We've looked into this in our club which sounds very much like the one you
describe. Although, under the laws of our state, we can only hold stock and
ownership in the organization that owns the aircraft, the FSDO and the
insurance company have told me that they consider us owners of the aircraft.
This lets members (we restrict which ones) perform Annex 43 Preventative
Maintenance functions. Basically, we are each treated the same as if we
were an individual owner.
If you buy a plane to do your flight training in and hire a CFI to teach
you, you do not have to put in on a 100 hour inspection cycle. If you let a
friend use if for training, then it does because it is being "provided" for
training. The key point is whether the person receiving the instruction is
an owner.
Both the FSDO and insurance company have indicated that they would look at
it differently if someone owned an airplane and sold 1% shares to make
students "owners". Everyone needs to be equal in the deal (or roughly, our
buy in has gone up over the years but this doesn't appear to be a problem.
The FAA and the insurance company are just looking for obvious scams.).

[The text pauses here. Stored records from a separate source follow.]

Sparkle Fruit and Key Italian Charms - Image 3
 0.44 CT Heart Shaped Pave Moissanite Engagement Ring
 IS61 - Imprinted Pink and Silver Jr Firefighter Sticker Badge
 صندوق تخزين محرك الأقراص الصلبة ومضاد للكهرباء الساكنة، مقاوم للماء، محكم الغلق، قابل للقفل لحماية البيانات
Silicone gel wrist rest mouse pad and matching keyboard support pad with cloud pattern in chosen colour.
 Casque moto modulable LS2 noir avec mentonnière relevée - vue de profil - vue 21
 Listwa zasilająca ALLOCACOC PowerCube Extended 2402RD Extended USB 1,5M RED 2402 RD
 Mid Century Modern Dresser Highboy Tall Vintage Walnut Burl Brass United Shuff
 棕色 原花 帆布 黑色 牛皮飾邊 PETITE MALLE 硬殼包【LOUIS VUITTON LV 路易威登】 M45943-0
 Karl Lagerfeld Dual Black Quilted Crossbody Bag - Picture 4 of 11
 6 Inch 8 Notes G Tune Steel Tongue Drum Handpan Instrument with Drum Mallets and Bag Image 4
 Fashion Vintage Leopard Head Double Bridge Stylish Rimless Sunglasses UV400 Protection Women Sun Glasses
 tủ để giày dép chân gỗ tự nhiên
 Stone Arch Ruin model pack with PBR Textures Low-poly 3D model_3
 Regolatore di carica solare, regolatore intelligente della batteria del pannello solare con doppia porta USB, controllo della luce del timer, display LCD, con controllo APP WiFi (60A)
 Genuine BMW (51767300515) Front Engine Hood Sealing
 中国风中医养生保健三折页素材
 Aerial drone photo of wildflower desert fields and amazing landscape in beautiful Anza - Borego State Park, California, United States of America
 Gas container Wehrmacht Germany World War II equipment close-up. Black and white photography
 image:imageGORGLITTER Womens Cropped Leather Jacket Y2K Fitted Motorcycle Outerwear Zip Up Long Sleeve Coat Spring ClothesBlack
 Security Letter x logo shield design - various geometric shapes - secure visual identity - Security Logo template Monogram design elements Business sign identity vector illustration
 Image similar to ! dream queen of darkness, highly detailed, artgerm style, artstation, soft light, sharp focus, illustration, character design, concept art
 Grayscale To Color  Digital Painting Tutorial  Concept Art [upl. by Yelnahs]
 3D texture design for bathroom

We are careful that our CFI's, who are also members, understand that they
can not conduct any flight training in the aircraft unless the student is a
member of the club. Non-member CFI's can provide instructions such as BFR's
but only to members. Primary flight training must be from member (CFI) to
member (student). We could let a non member CFI's train students and not
run afoul of the 100 hour inspection as long as the students were members
but we want more oversight and control when extensive training of new pilots
is involved.
We are probably going to go to approximately 100 hour inspections anyway.
We already do the 100 hour on the engine because the 250 - 300 hours a year
we fly is too much to let an engine go without that attention. Adding the
full inspection will help us spot problems earlier. We will do an annual
twice a year and have it signed off as such. This will give us more
flexibility to work into shop schedules, stretches of lousy weather, etc.